The first segment in the docuseries deals with the issue of displacement by focusing on East Palo Alto, a California Bay Area community where longtime minority residents are being displaced because real estate speculators are buying houses in hopes of future profits. In some cases, the houses are being left vacant until enough well-to-do residents move onto a block to drive up home prices throughout the neighborhood.
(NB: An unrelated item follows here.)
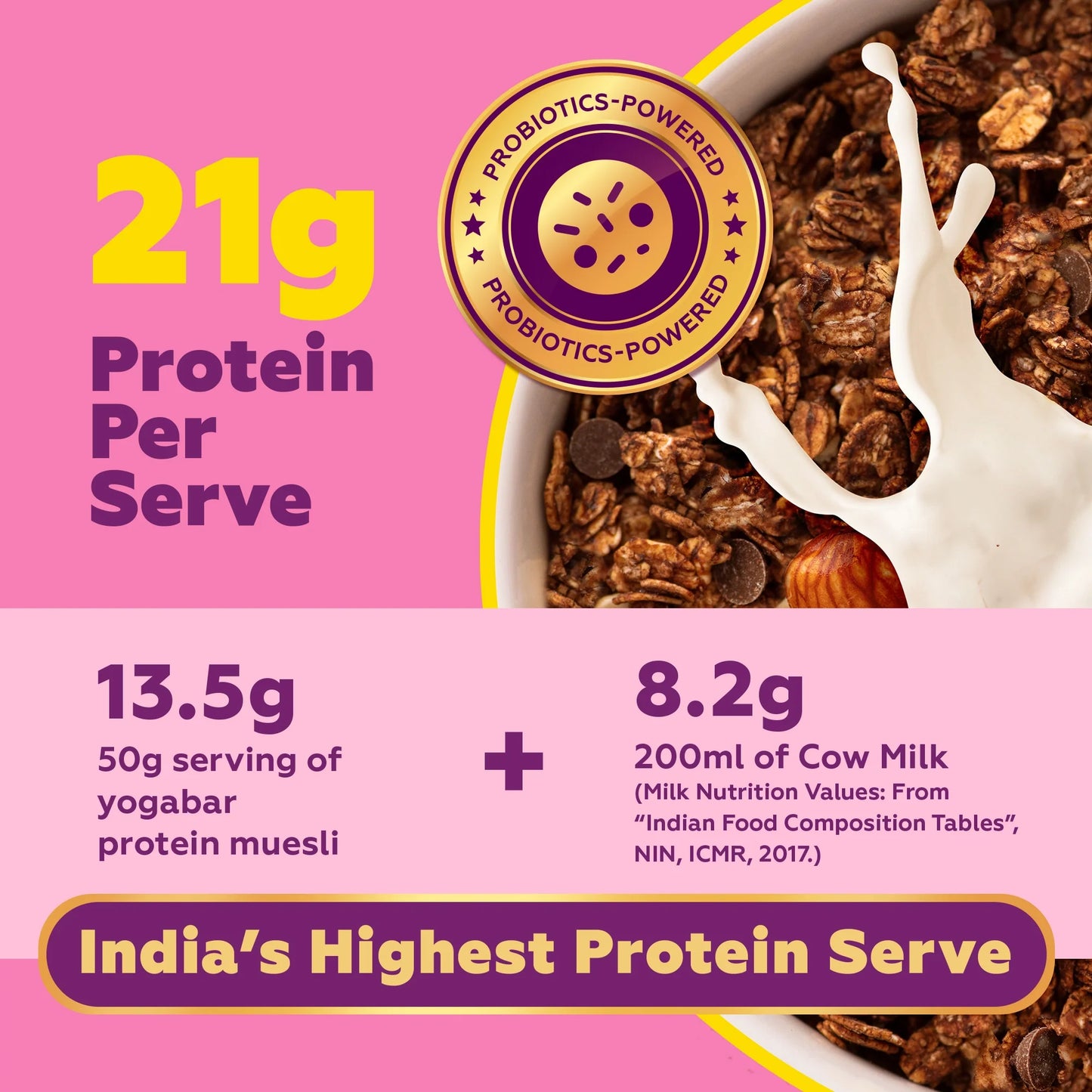 21g Protein Muesli Choco Almond 350g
“This is the last quote-unquote affordable neighborhood in Silicon Valley,” said Chang, noting that affordability means something very different to someone making more than $170,000 a year than it does to most of the people of modest means who had historically lived and worked in East Palo Alto. “Those people are being displaced, and that’s resegregation in a nutshell.”

Chang noted that the word gentrification is literally derived from the word gentry — the class of rich people just below the nobility in the United Kingdom. Likewise, in places like East Palo Alto, “the wealthy are moving in, and it ‘disappears’ the people who are forced to move out.”

Another segment in the docuseries focuses on inter-ethnic tensions, particularly from the point of view of Asian Americans.

Many Asian Americans are “self-conscious of both our oppression and our privilege,” Chang said.

Chang was studying toward a master’s degree in Asian American Studies at UCLA during the time of the 1992 Los Angeles uprising. At the time, there was a notion that Asian American Studies should focus solely on the experiences of Asian Americans, he recalled.

“And I think, for those of us who came of age during that particular period, our reality was much different,” Chang told the audience. “It became a reflection on the position that Asian Americans can take against racial injustice — Asian American empowerment or … empowerment for everyone.”

“To me, it’s like trying to figure out this whole labeling system,” Kim said. “It’s great to embrace who we are. But if the labeling works against who we are and separates people, then that’s where I think we need to have an in-depth conversation to find a better balance and live together.”

As a filmmaker, Nguyen said he looks for opportunities to attack racial problems at the systemic level by helping to bridge communities.

People of all races should be encouraged to tell their stories, he said. “The truest enactment of the American Dream is being able to tell your own story. I think that’s what I’m trying to do as a filmmaker. I think that’s what we’re all trying to do — to tell our own story, because we think once our voices are heard, then we can be seen.”

In addition to the UCLA Luskin School of Public Affairs, the event was co-sponsored by UCLA Asian American Studies and its Center for Ethno Communications. Other co-sponsors were the Bunche Center for African American Studies at UCLA, UCLA Chicana and Chicano Studies, the UCLA Luskin Undergraduate Program and Visual Communications.